Tuesday, May 5, 2009

Hinduism in its Form

As I sit and drink a chai in a small shop hovering over the Lakshman Jhula suspension bridge overlooking the "Yoga Capital of the World," I can't help but overhear a passionate discussion behind me between three Hindu men discussing the fact that India is a Hindu nation. Now, I don't want to get into it too much because the elections have just passed and the mudslinging and religious divisions have not died down yet after the divisive and (in my opinion) unethical call to arms by many fervent politicians. I have avoided so far jumping into the alphabet soup of Indian politics, with her hundreds of parties and political blocs, not because it's not interesting but because it is exhausting. The polling, the protests, the votes by caste, the votes by religion, the mafia bids, the realignment of political allies and parties is beyond this little bird's comprehension and desire to comprehend - like a Bollywood movie gone badder. As the last of the polling tides finishes up in the world's largest "democracy," the results will take still another month or so to come in before we know who will be next to take power and inform our wavering expectations. But this entry is not meant to be concerned with politics (as I have said, I've avoided it for a reason) but religion, which I am trying to tease out from the former as best I can.

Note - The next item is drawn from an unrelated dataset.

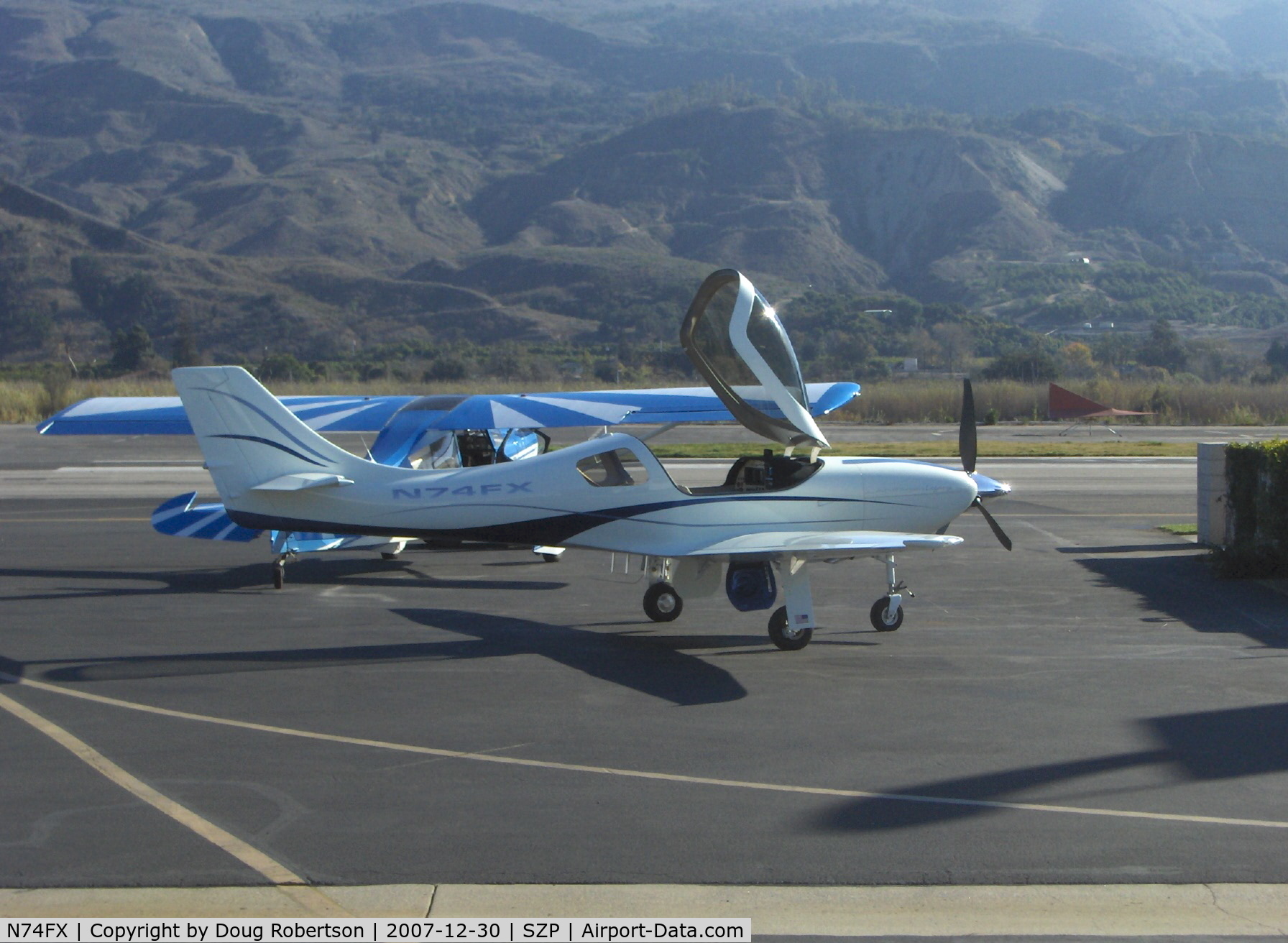 N74FX, 2007 Lancair Legacy C/N L2K-283, 2007 Larson LANCAIR LEGACY, Continental IO-550 300 Hp, refueling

I was raised a Christian, but upon turning away from my monotheist upbringing, I pulled a lot of teachings and world views from Hinduism over the years. There is something very comforting about being surrounded by 30 million gods and goddesses who, not unlike Greek deities, have human attributes and falability that allows for some sort of approach, a chink in the stone to act as a handhold while scaling the spiritual mountain. Sometimes when things are tough, it is helpful to invoke the pot-bellied, elephant-headed god Ganesh to remove my obstacles. And there is the demure-looking Lakshmi showering gold upon our heads during financial crisis, Saraswati on the lotus, strumming a sitar and embodying knowledge for all her Hindustani students during exams, and Hanuman, with his hunky manly chest and creepy monkey face, showing utter devotion, strength and energy in his service to God. I do not believe that these gods exist in a literal sense any more than Zeus, Achilles or Aphrodite, though I found using mantras and invoking their names (meaning my own inner attribute with a funny monkey face) quite helpful from time to time. But in a very prescient sense, these gods are real. As real as Jesus is to Christians and Mohammad is to Muslims, the blue-skinned Krishna plays his flute for the Hindus as a creation of collective consciousness that binds Hindu to Hindu, and thus to a "Hindu nation."

My play of mind with the benevolent and, frankly, charismatic Indian gods has now become uncomfortable as I enter into the more devout regions of Hinduism. As much as a godhead has provided support to me throughout my life, I find that upon further examination (when I realize the existence of that support as a support and not as some sort of higher reality) the notion of God vanishes and a literal interpretation of the scriptures becomes suffocating. I watch as Hindu pilgrims prostrate before idols of Ram, Krishna, and Shiva, and a subtle sense of uneasiness takes over my being. I know that for the many Muslims in this country to worship an idol is the purest form of blasphemy, and yet there are idols on nearly every street corner, in every rickshaw, and overlooking every chai shop in India. From history we know that the precarious religious balance struck in India's streets can, in moments, become a bloodbath. Partition, the murder of Indira Gandhi by her Sikh bodyguards, the Gujurat riots and current Christian/Hindu violence in Orissa show that Hindus are not as all-embrasive as they can seem in their day-to-day living. But here Hinduism is in full force and with zeal, and I find my formerly benevolent love for Hindu scriptures and epics up for critical discussion and questioning.

What I realize is that as much as I exist, this concept called "Mallory" with a name and form and thousands of attributes that others consign to me, Shiva also exists. Christ has been dead for two thousand years (or perhaps he never existed), and yet he is a fact today as any human identity. As an idea, as a construct of the collective conscious, as a story to be rejected or accepted, Shiva, Christ, and Mohammad are facts in this modern world: real beings that have political and personal impact in our lives. And an uneasy fear takes shape in me as I march up the Ganga from Varanasi to Rishikesh and on to Uttarkashi and Gangotri (all Hindu sites of pilgrimage) and feel the sway of these invisible gods. I feel the fervor of those who chant mantras under their breath, bow to statues of smiling, effeminate gods, and dip in the holy Ganga. In one moment what can be so beautiful can also ignite hate, which is the unfortunate power of dogma. It almost seems irresponsible at this point (excuse me, please, for the offense) to purport a faith or belief system that, at the end of the day, serves to divide humanity, separating one person from another. For me, this is the basic seedling of violence, a force that creates divisions, hierarchy and authority outside of one's own reasoning and insight. In this religious outpost of what I perceived to be one of the more accepting religions of the world, I have been reminded once again that any religion can become a force that separates us from our own human experience and thus fractures the potential understanding of unity beyond division... the basis of tolerance.